Records for this task: Begin

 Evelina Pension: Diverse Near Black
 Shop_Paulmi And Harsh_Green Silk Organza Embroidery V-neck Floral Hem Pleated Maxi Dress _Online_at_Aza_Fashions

Records for this task: End
Records for this task: Begin

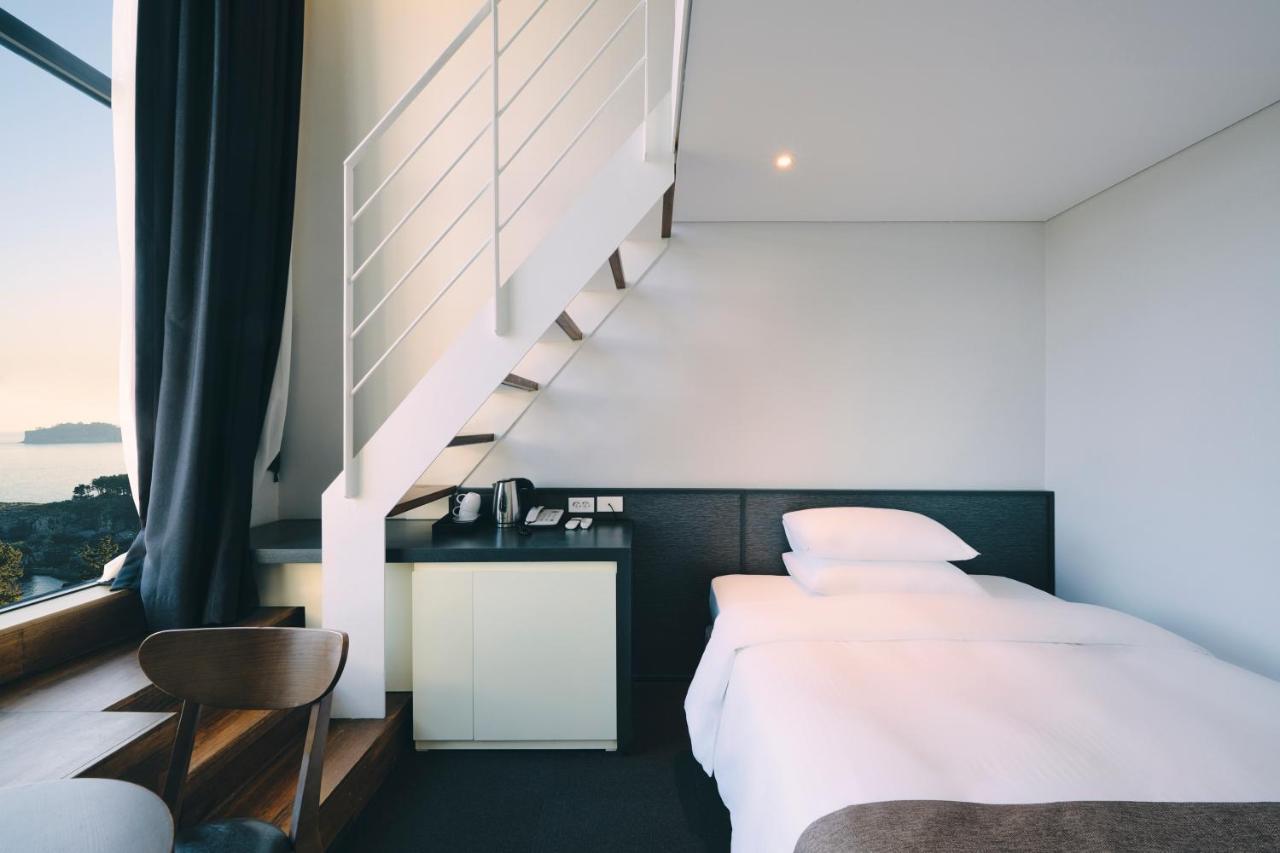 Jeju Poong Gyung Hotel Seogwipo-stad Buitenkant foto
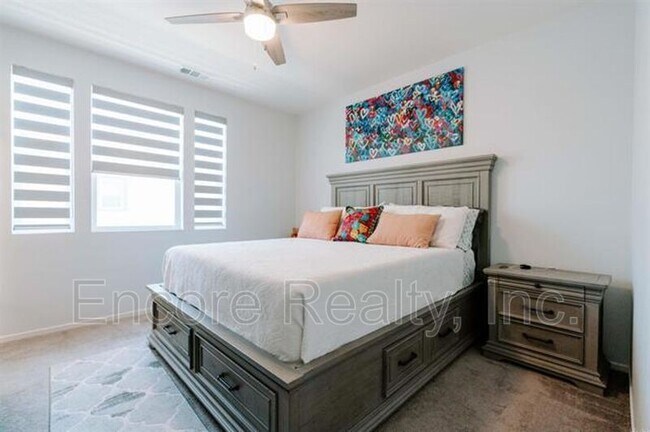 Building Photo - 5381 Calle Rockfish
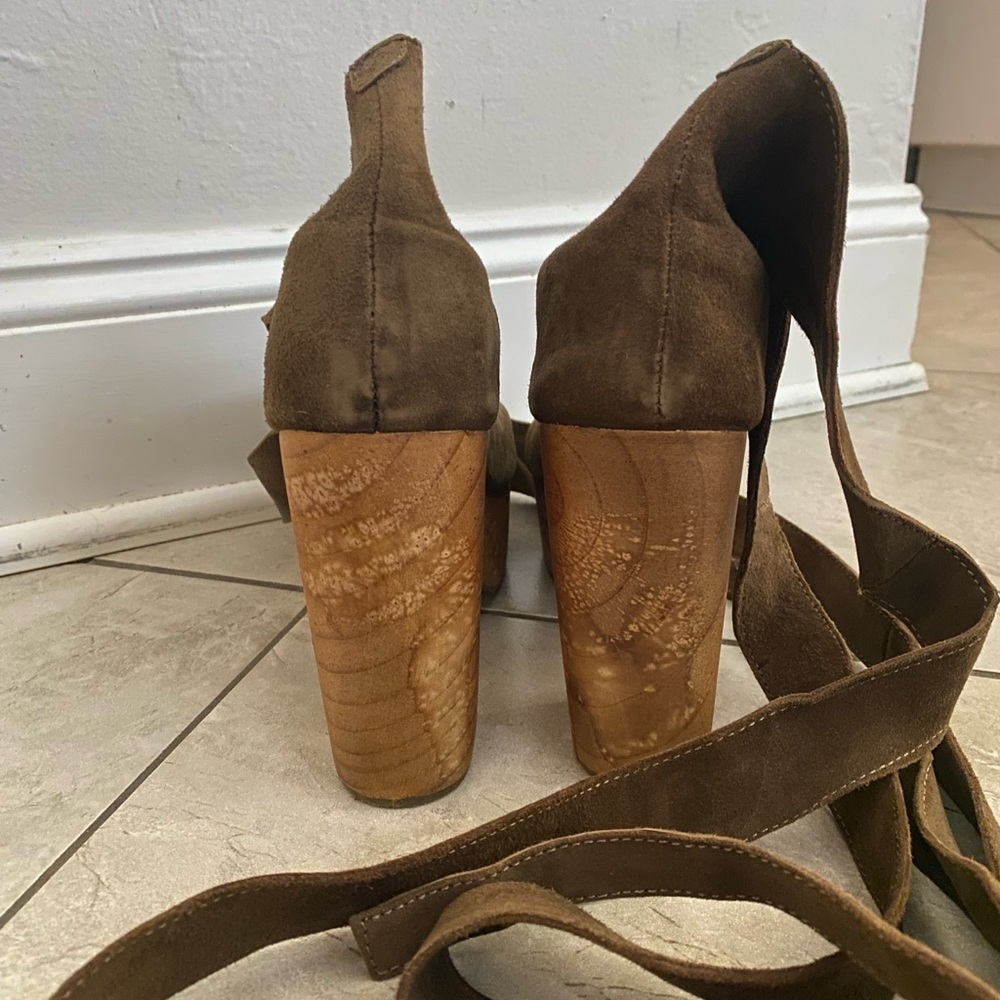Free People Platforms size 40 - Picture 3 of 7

Records for this task: End
Records for this task: Begin

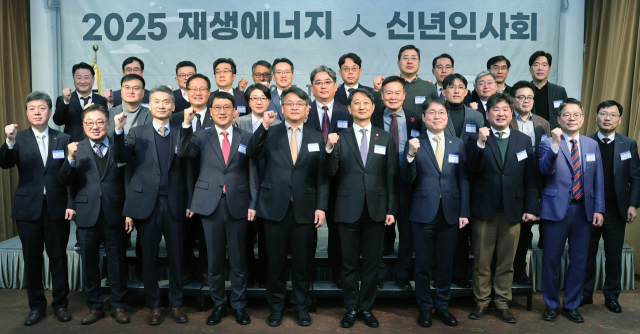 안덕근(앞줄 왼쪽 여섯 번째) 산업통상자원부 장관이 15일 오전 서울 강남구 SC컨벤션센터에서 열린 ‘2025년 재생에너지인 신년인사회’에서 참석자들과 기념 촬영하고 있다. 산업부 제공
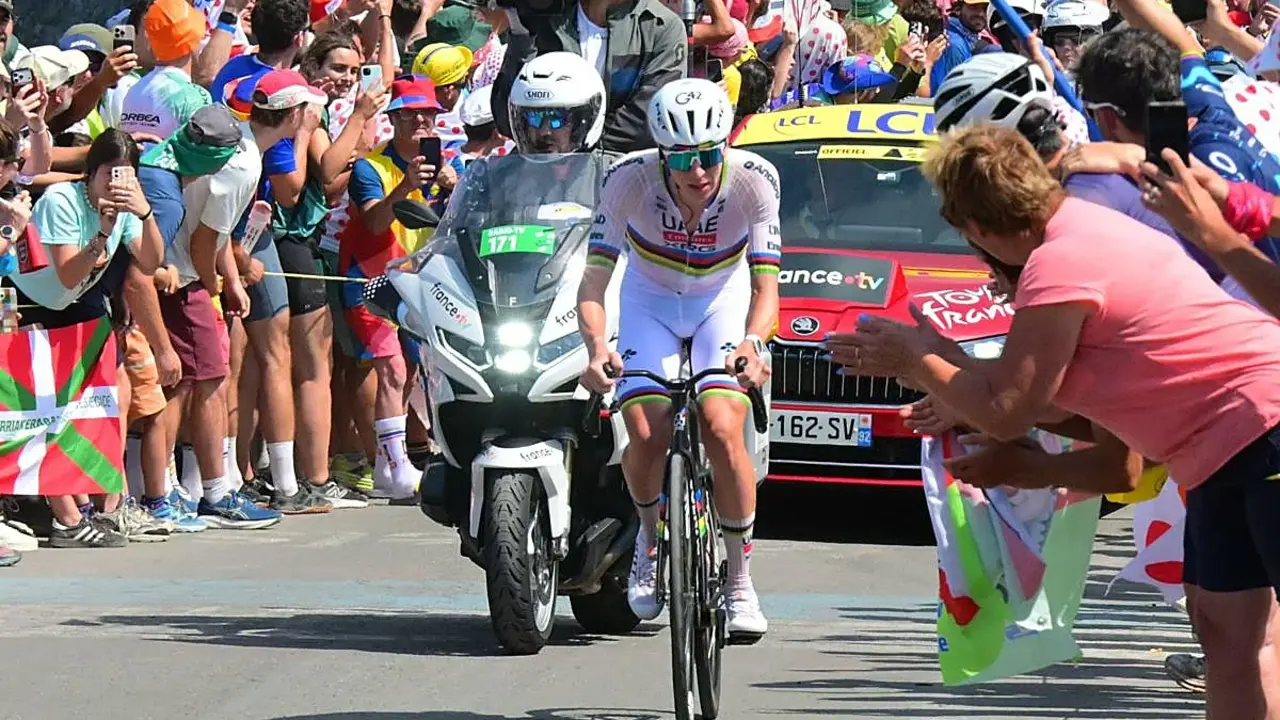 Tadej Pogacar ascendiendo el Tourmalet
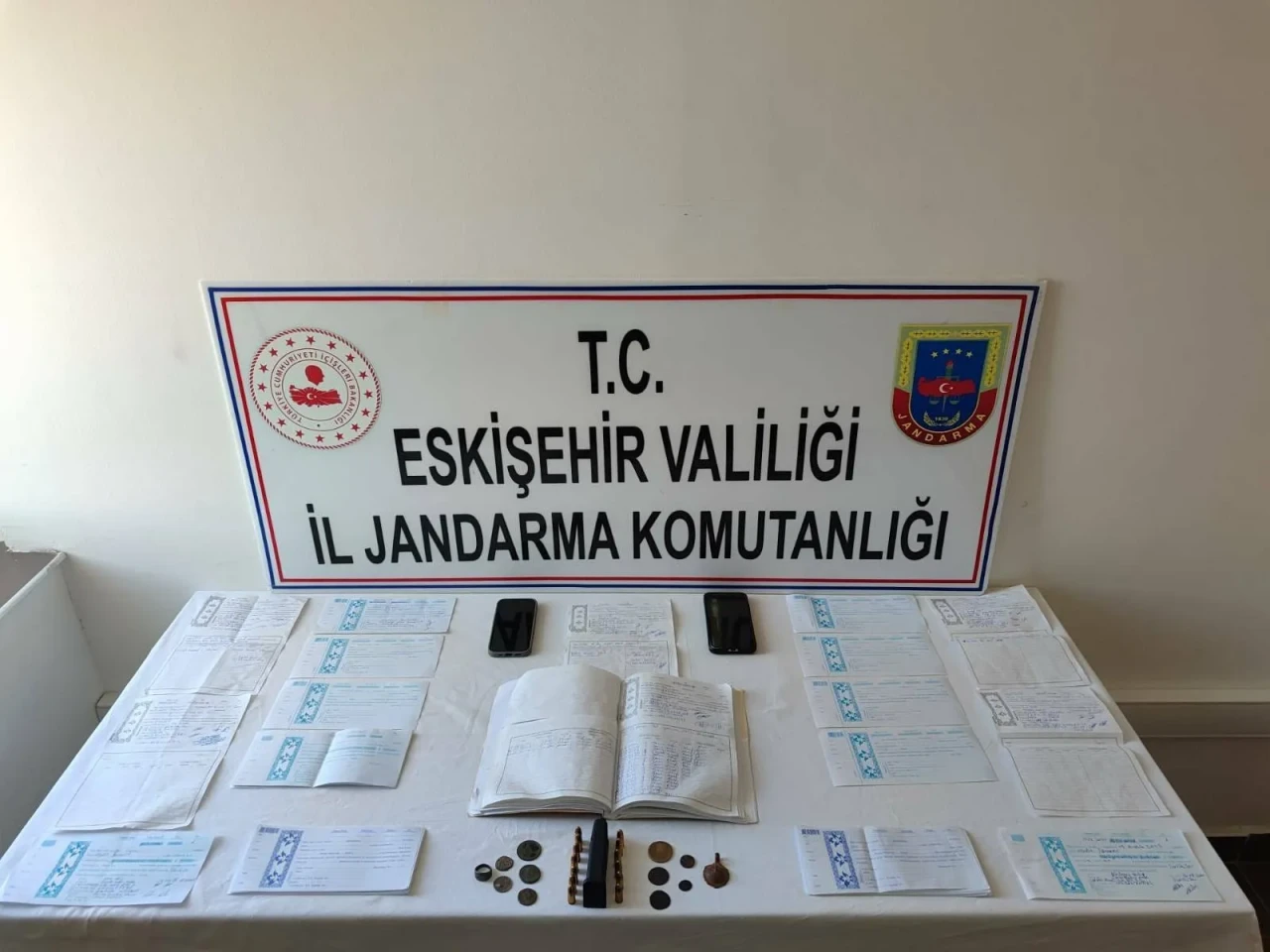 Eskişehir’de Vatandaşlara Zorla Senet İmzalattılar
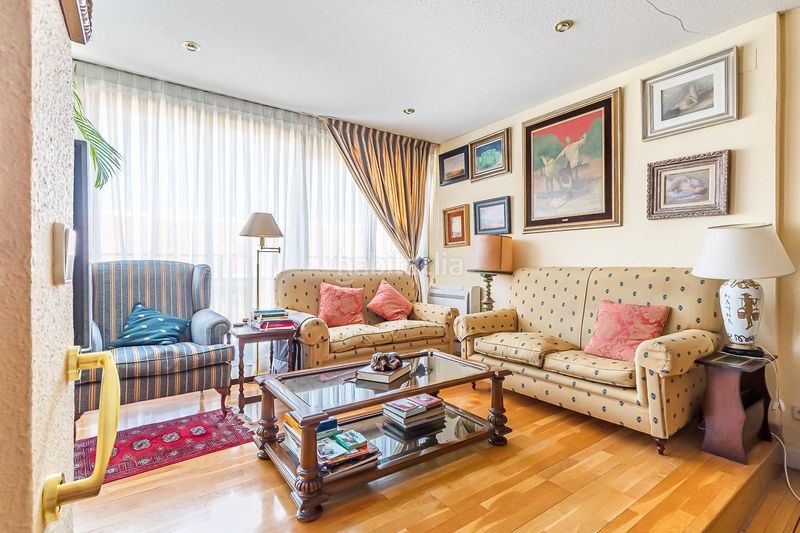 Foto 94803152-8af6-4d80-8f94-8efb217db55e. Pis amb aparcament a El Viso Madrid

Records for this task: End

## The problem
Only one stretch of the records above is wanted: the lines between the one holding "Evelina Pension: Diverse Near Black" and the one holding "Shop_Paulmi And Harsh_Green", inclusive, reproduced exactly.

## Your solution
 Evelina Pension: Diverse Near Black
 Shop_Paulmi And Harsh_Green Silk Organza Embroidery V-neck Floral Hem Pleated Maxi Dress _Online_at_Aza_Fashions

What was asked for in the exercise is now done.